Researcher says careers should be longer but have more breaks along the way - rchaudhary
https://work.qz.com/1314988/stanford-psychologist-laura-carstensen-says-careers-should-be-mapped-for-longer-lifespans/
======
eganist
Since Dr. Carstensen's opinion seems to be landing on the wrong side of the HN
consensus, let me play the devil's advocate.

> “We need a new model,” Carstensen says of the current norms around career
> pacing. The current one “doesn’t work, because it fails to recognize all the
> other demands on our time. People are working full-time at the same time
> they’re raising children. You never get a break. You never get to step out.
> You never get to refresh. . . .We go at this unsustainable pace, and then
> pull the plug.”

I believe this explanation is intended to _sell_ the idea, but I don't believe
this should be the motivation for driving towards a different model. Rather,
I'd suggest the motivation to be to enable "productive unemployment" as
automation continues to spread. Hear me out.
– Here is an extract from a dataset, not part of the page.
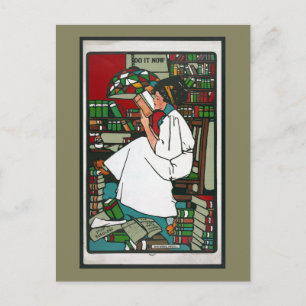 Woman Reading Postcard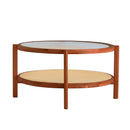 Modern Style Circular Double Layer Tea Table With Rattan Weave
If there's a consistent and unwavering societal expectation to enter the
workplace full time between the ages of 19-22, there'll also be a persistent
risk of political upheaval when employment numbers stagnate or falter and when
people feel as if they're not achieving what's expected of them (or generally
when they're unable to eat), a scenario which will continue to play out and
perhaps even become endemic as automation and various branches of AI capture
more and more unskilled and skilled labor categories, respectively. Shifting
labor expectations allows for a more potentially graceful transition over the
course of a few generations to a model where people can choose which direction
to take their lives, either studying something in depth before diving into a
niche that still needs human talent or focusing on exploring their own
personal passions as the world around them continues to operate mostly
automatically.

It's a very Gene Rodenberry-esque position to take, and it's perhaps
_ludicrously_ optimistic, but a model like what Dr. Carstensen is pitching
might make sense in facilitating a gradual transition to a more automated
world.

This is the very basic kernel of an idea, and I expect what I've just voiced
is crude enough to be utterly dismantled on deeper analysis, but I voice it to
get minds thinking moreso than to say "Laura's right and you guys are all
wrong"\-- nah. It's just a passing thought.

------
default-kramer
I'm currently working 26 weeks a year (one on, one off) and it is awesome. I
realize that I'm very lucky to be able to do this - I have low expenses,
almost no debt, and programming pays well enough for me to live comfortably on
about half my previous salary.

I used to be planning for early retirement, but this trade-off seems safer.
After all, I could spontaneously die the day after I retire and then what was
all that work for?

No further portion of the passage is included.